▶
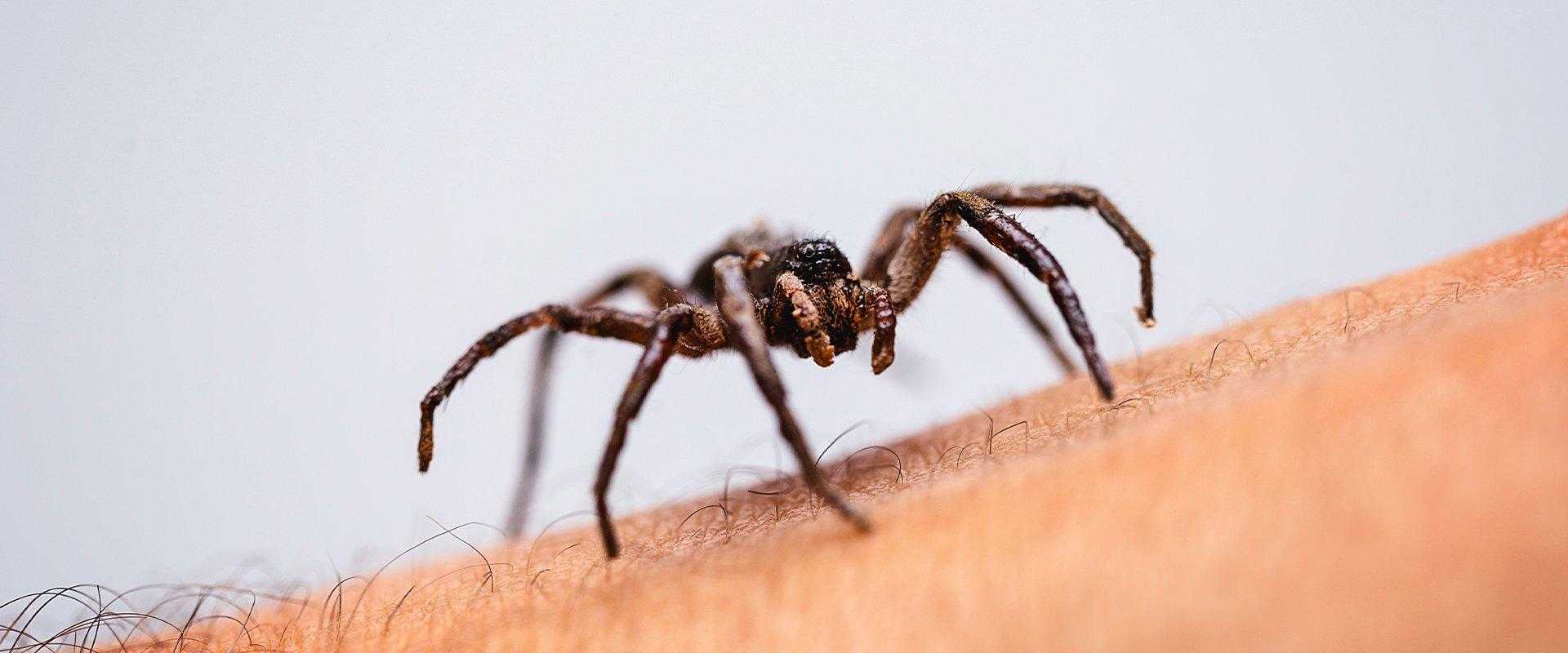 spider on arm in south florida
◀
▶
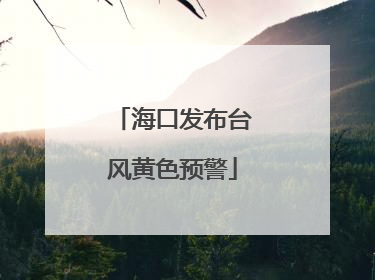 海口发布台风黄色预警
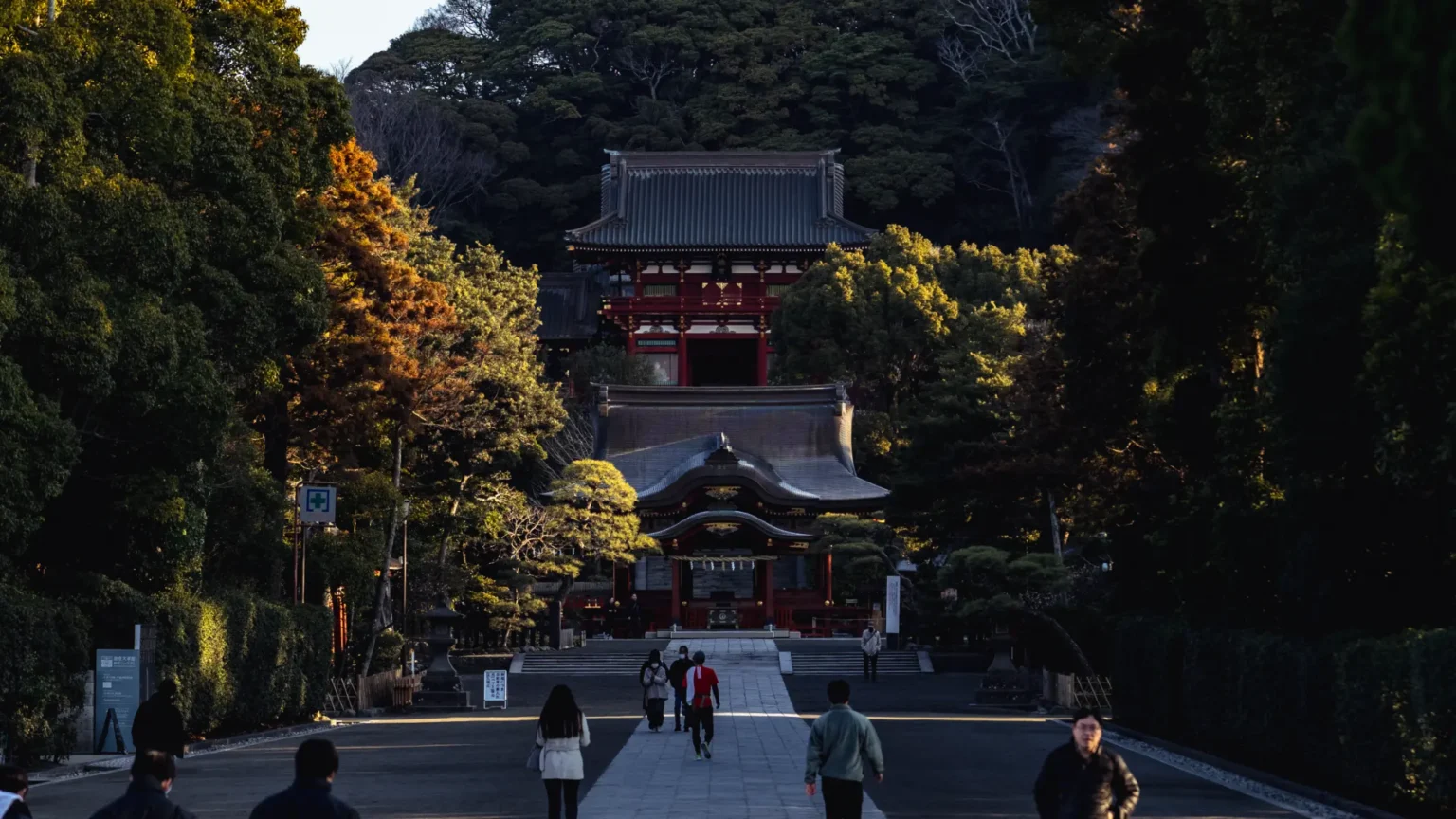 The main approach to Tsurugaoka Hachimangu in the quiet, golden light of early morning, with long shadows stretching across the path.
◀
▶
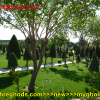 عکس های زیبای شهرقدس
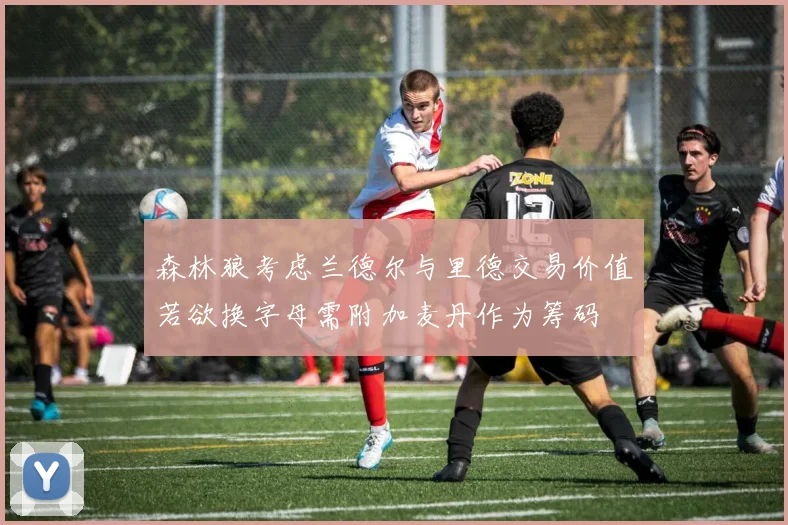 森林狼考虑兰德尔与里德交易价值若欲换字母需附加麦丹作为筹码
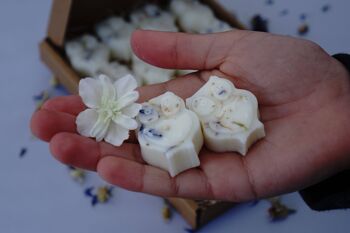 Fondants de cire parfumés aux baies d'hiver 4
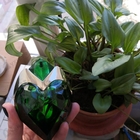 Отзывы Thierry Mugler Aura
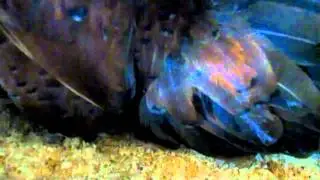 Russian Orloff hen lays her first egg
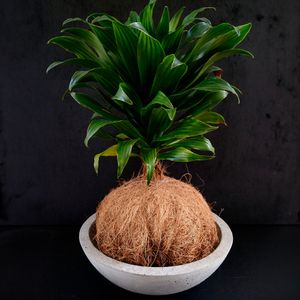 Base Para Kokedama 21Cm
◀
◆ Activity:
Above are records; repeat only the lines from the line with "Russian Orloff hen lays her first egg" through the line with "Base Para Kokedama 21Cm", and leave pictures out.

◆ Response box:
 Russian Orloff hen lays her first egg
 Base Para Kokedama 21Cm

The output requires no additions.